Episode 7: “Art Teacher”

Abbott Elementary’s volunteer art teacher is leaving the school, and being replaced with Janine’s college friend, Sahar — an artsy, manic pixie dream girl-type with big ideas for Melissa’s annual paper plate Peter Rabbit project. And, in a sub-plot, Barbara and Jacob take on a gardening project:

  1. Recognizing the less-than-adequate school lunches for the kids (thanks, budget cuts!), Jacob and Barbara start a community garden at the school to help grow vegetables to serve at lunch. In real life, a number of Philly schools have started community gardens, including William Cramp Elementary School, Tilden Middle School, and South Philadelphia High School. But, somehow, Jacob says he only knew about the idea because of schools in Kentucky.

  2. Sahar gets off to a rough start with Melissa by parking in what Melissa calls her “understood spot” at the school, despite the spots not being marked. Again, alarmingly South Philly, with this essentially being the teacher version of putting a cone out.

  3. Janine says that she and Sahar once went to a party at Philly rapper Tierra Whack’s house. It turns out that Janine actually just stood outside and listened to the music while Sahar partied.

  4. Substitute teacher Gregory Eddie (Tyler James Williams) grew up working for his dad’s landscaping company, and can’t stand to see Jacob and Barbara mess up the garden. The biggest mistake, Gregory says: “He was trying to plant a coconut in West Philadelphia in soil with a sub-6.3 pH.” Surprisingly, this gives us the first in-show confirmation of where in the Philly the school is located.

  5. Ava asks Janine and Sahar what they think of a pair of pants she is looking to buy. Janine says she likes them, but Ava responds “Not you, Carlton,” in reference to the Fresh Prince of Bel-Air. We are surprised it took this long to get a Fresh Prince reference in.
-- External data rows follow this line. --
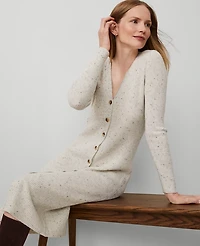 Ann Taylor Cashmere Ribbed Cardigan Dress Cream Speckle Women's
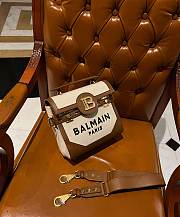 Balmain Canvas B-Buzz 23 Bag with Leather Panels Brown - 23x20x11cm - 5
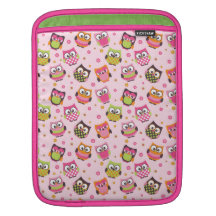 Niedliche bunte Eulen iPad Hülse (Rosa) iPad Sleeves
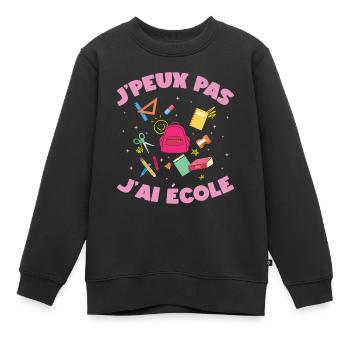 J'peux pas j'ai école rentrée scolaire sac à dos - Sweat Premium enfant bio - noir - Devant - AI Model Kid Female (0cm)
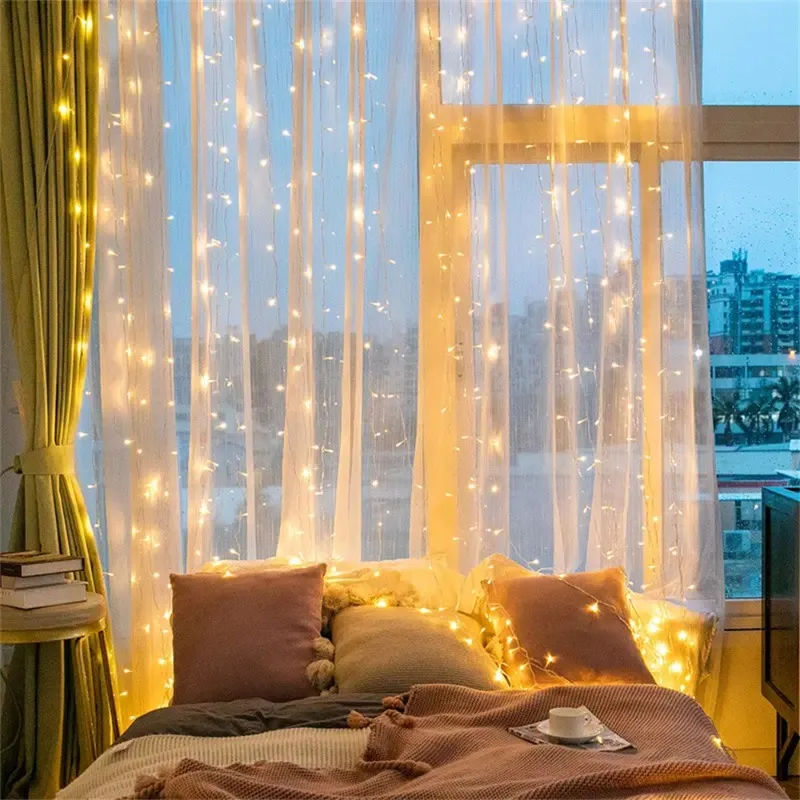 Festoon LED Curtain Light String Battery Operated Muslim Ramadan Home Courtyard Decoration Wedding Outdoor Garland Eid Mubarak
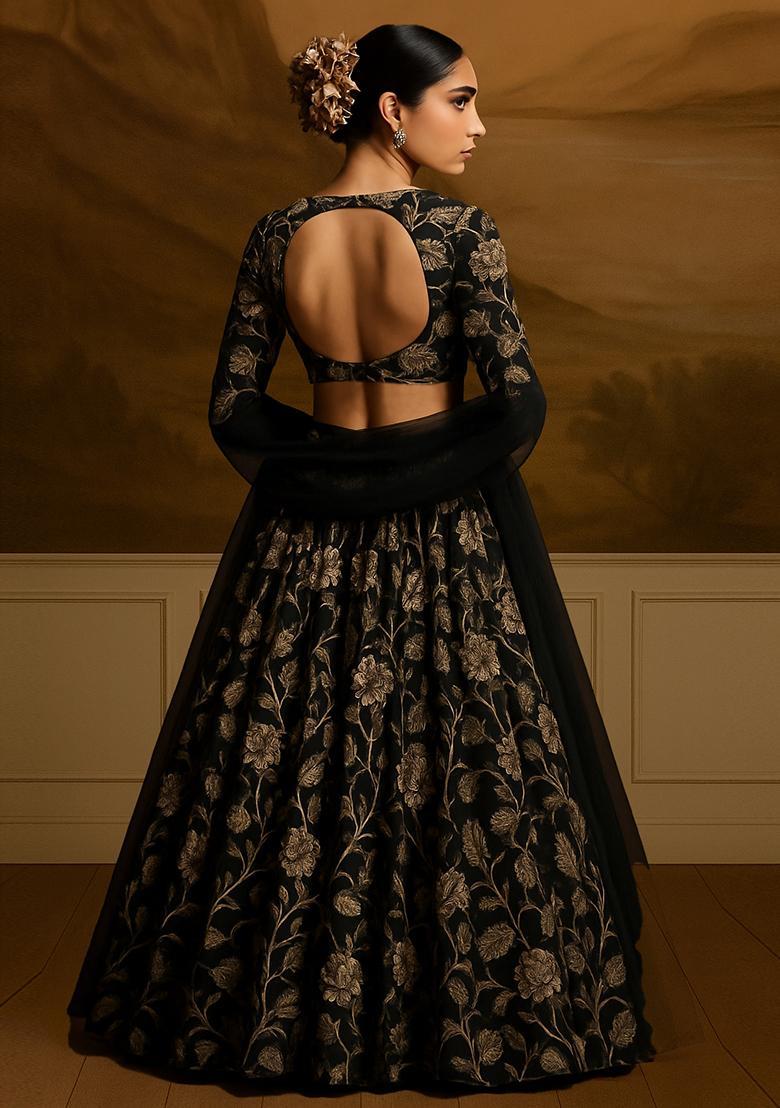 Black Printed Satin Georgette Lehenga Set - Indya
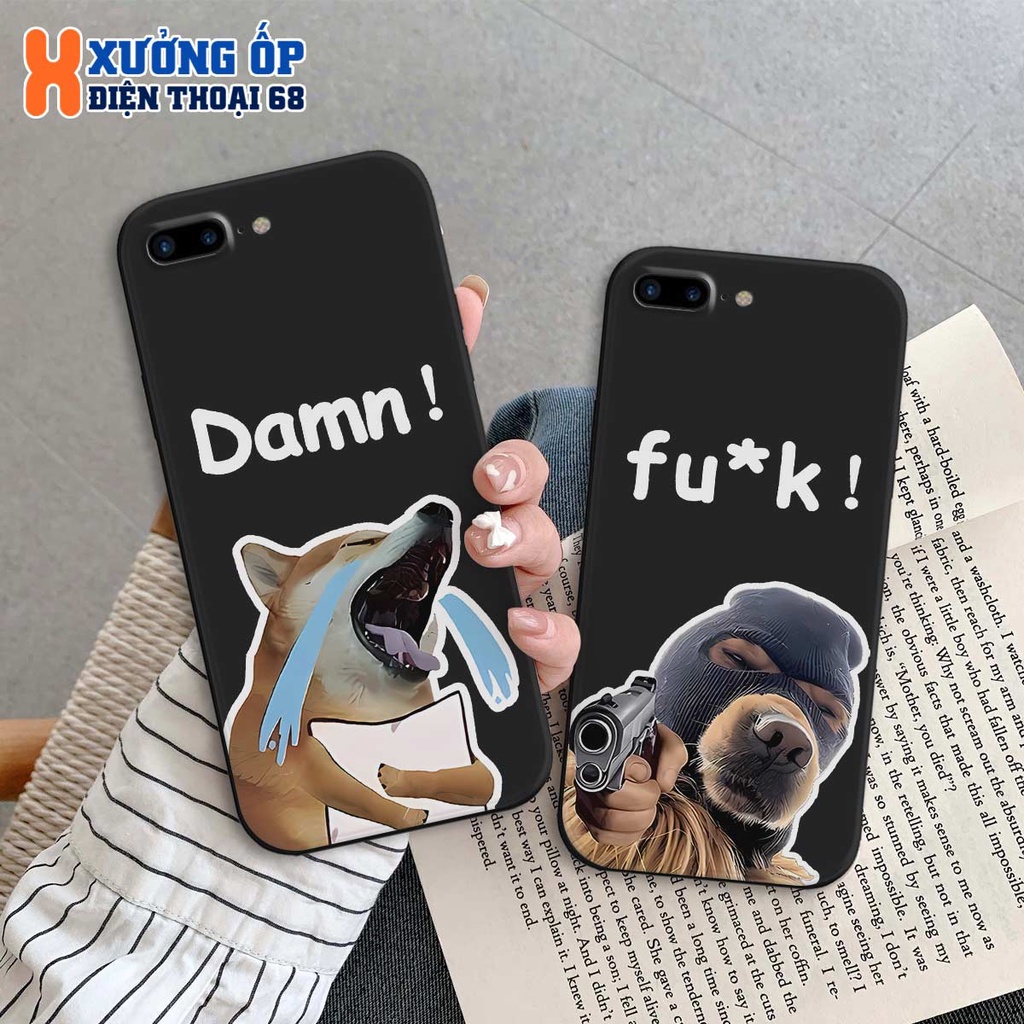 Ốp lưng TPU iPhone 5 5s 6 6s 7 7p 8 8p hình chú chó dễ thương, ốp silicon TPU dẻo rẻ đẹp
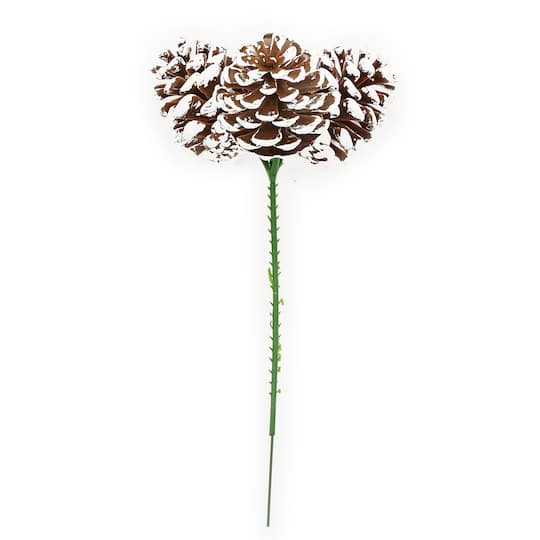 9" White Tip Plastic Pinecone Christmas Wreath Picks, 12ct.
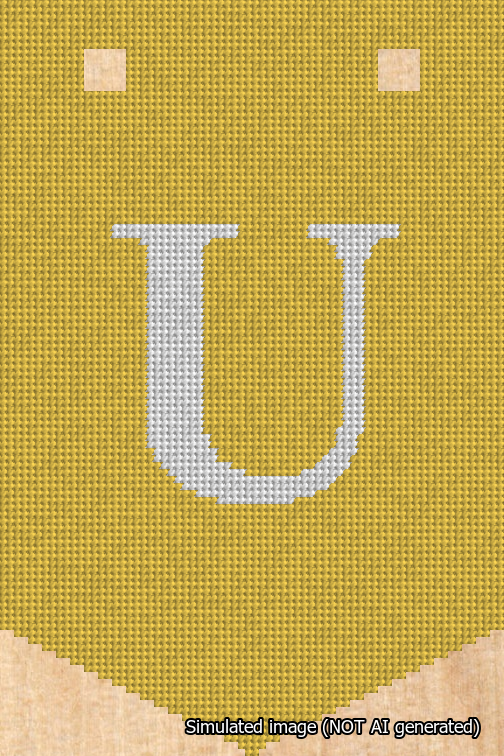 A simulated image of the stitched needlepoint design: Banner 18m Pointed U White on Yellow. Not A.I. generated.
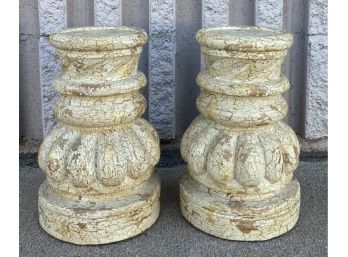 Pair Of Column Base Candle Holders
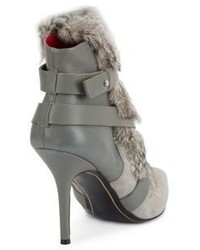 Charles Jourdan Knife Leather Suede Rabbit Fur Ankle Boots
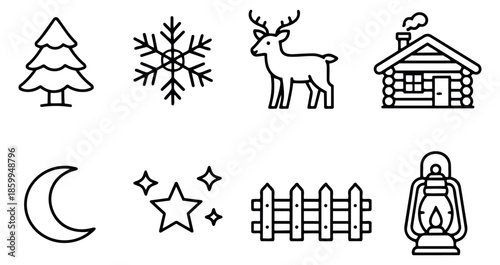Line art winter and night nature symbols set featuring a christmas tree, snowflake, deer, log cabin, moon, stars, fence, and lantern for seasonal graphic design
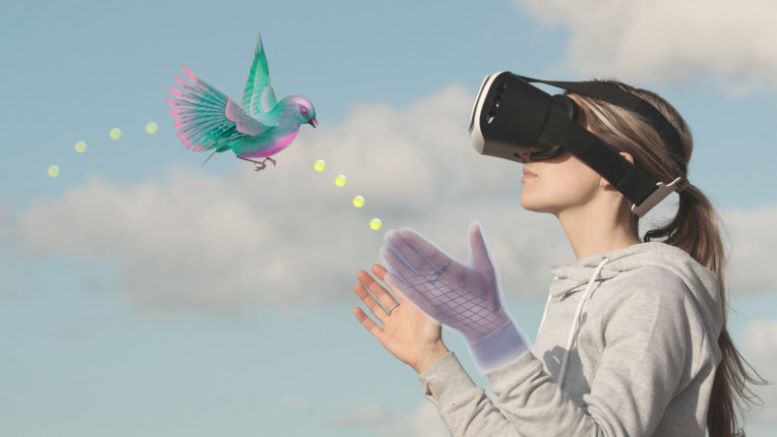 imagen de una mujer joven con gafas de realidad aumentada y guante interactivo intentando tocar un ave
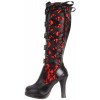 Pleaser Women's Crypto-106/B Knee-High Boot,Black/Red,6 M US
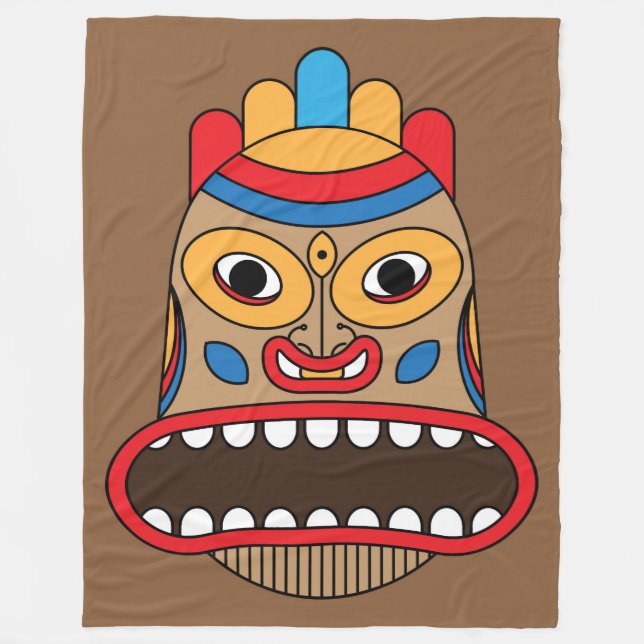 Couverture Polaire tiki hawaïen (Devant)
  6. Melissa and Janine have their final falling out with Sahar over the Peter Rabbit project, with Melissa calling her a “wannabe Zoë Kravitz.” While not from Philly, Kravitz, daughter of Lenny and Lisa Bonet (who played Denise Huxtable on The Cosby Show) famously fronted the NYC/Philly-based band Elevator Fight. Admittedly, that’s a bit of a stretch for a Philly reference — but, we’ll take it.

Episode 8: “Work Family”

Janine becomes upset when Jacob tells her they are “work friends,” so she sets out to help the teachers of Abbott Elementary become more like a family. Amid those attempts, she also begins doubting her relationship with her boyfriend Tariq (the only man she has ever dated, played by Zack Fox), who is performing at the school’s “Friends Against Drug Exposure” concert:

  1. Tariq suggests that he and Janine go to Coney Island for a vacation so that he can “get [his] Joe Chestnut on” at the hot dog joint Nathan’s Famous. While not a Philadelphian, professional eater Joey Chestnut did win three consecutive Wing Bowls from 2006 to 2008, so we’re counting it.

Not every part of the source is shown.